Man M Z, Wang X, Wang Y
Biostatisties, PGRD, 2800 Plymouth Road, Ann Arbor, MI 48105, USA.
Bioinformatics. 2000 Nov;16(11):953-9. doi: 10.1093/bioinformatics/16.11.953.
The Serial Analysis of Gene Expression (SAGE) technology determines the expression level of a gene by measuring the frequency of a sequence tag derived from the corresponding mRNA transcript. Several statistical tests have been developed to detect significant differences in tag frequency between two samples. However, which one of these tests has the greatest power to detect real changes remains undetermined.
This paper compares three statistical tests for detecting significant changes of gene expression in SAGE experiments. The comparison makes use of Monte Carlo simulation that, in essence, generates "virtual" SAGE experiments. Our analysis shows that the Chi-square test has the best power and robustness. Since the POWER_ SAGE program can easily run "virtual" SAGE studies with different combinations of sample size and tag frequency and determine the power for each combination, it can serve as a useful tool for planning SAGE experiments.

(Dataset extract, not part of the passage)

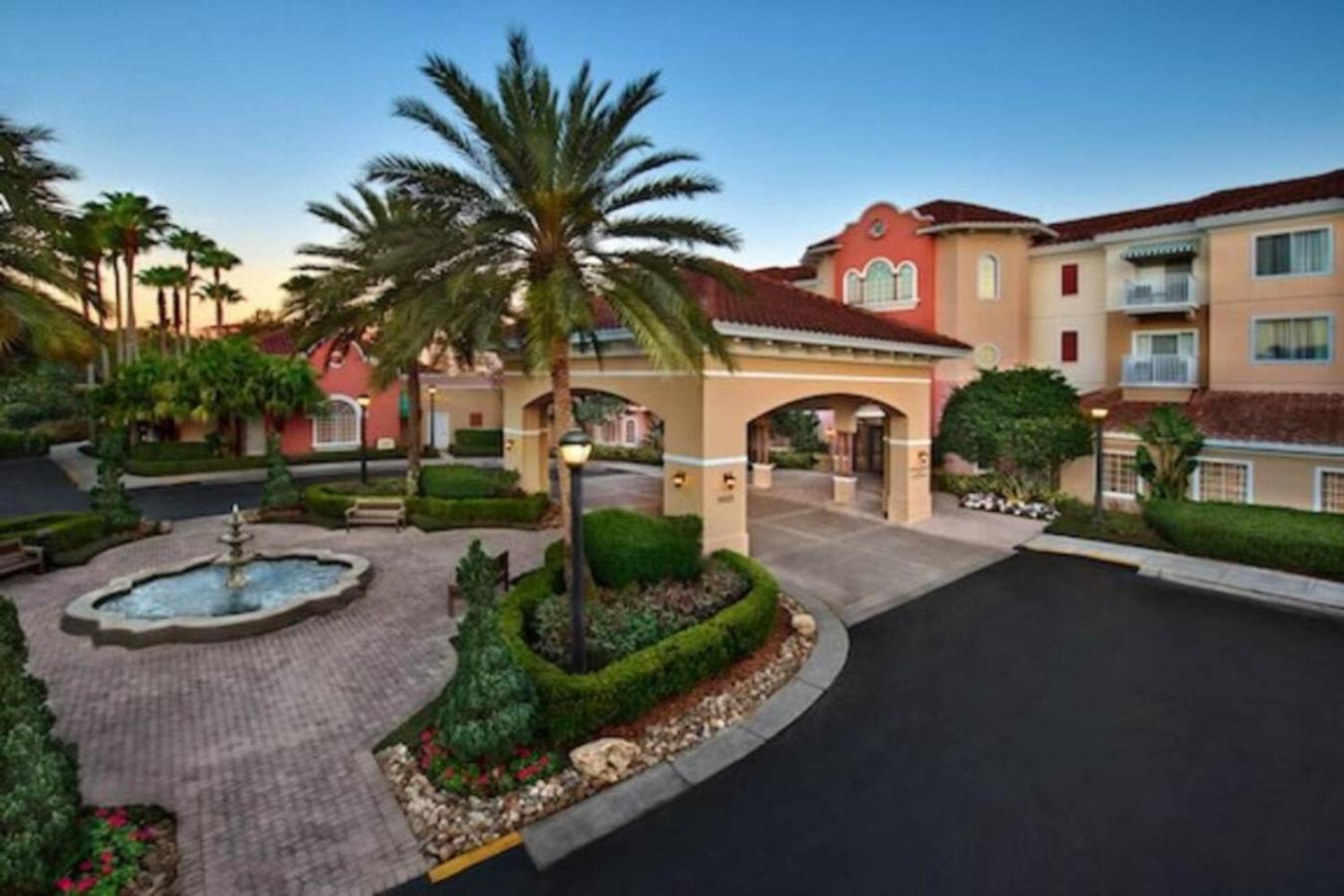 Marriott Grande Vista Luxury * Orlando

The POWER_ SAGE software is available upon request from the authors.
基因表达序列分析(SAGE)技术通过测量源自相应mRNA转录本的序列标签的频率来确定基因的表达水平。已经开发了几种统计测试来检测两个样本之间标签频率的显著差异。然而,这些测试中哪一种检测真实变化的能力最强仍未确定。
本文比较了三种用于检测SAGE实验中基因表达显著变化的统计测试。该比较利用了蒙特卡罗模拟,本质上是生成“虚拟”SAGE实验。我们的分析表明,卡方检验具有最佳的能力和稳健性。由于POWER_SAGE程序可以轻松地使用不同样本量和标签频率组合运行“虚拟”SAGE研究,并确定每种组合的能力,它可以作为规划SAGE实验的有用工具。
可根据作者要求提供POWER_SAGE软件。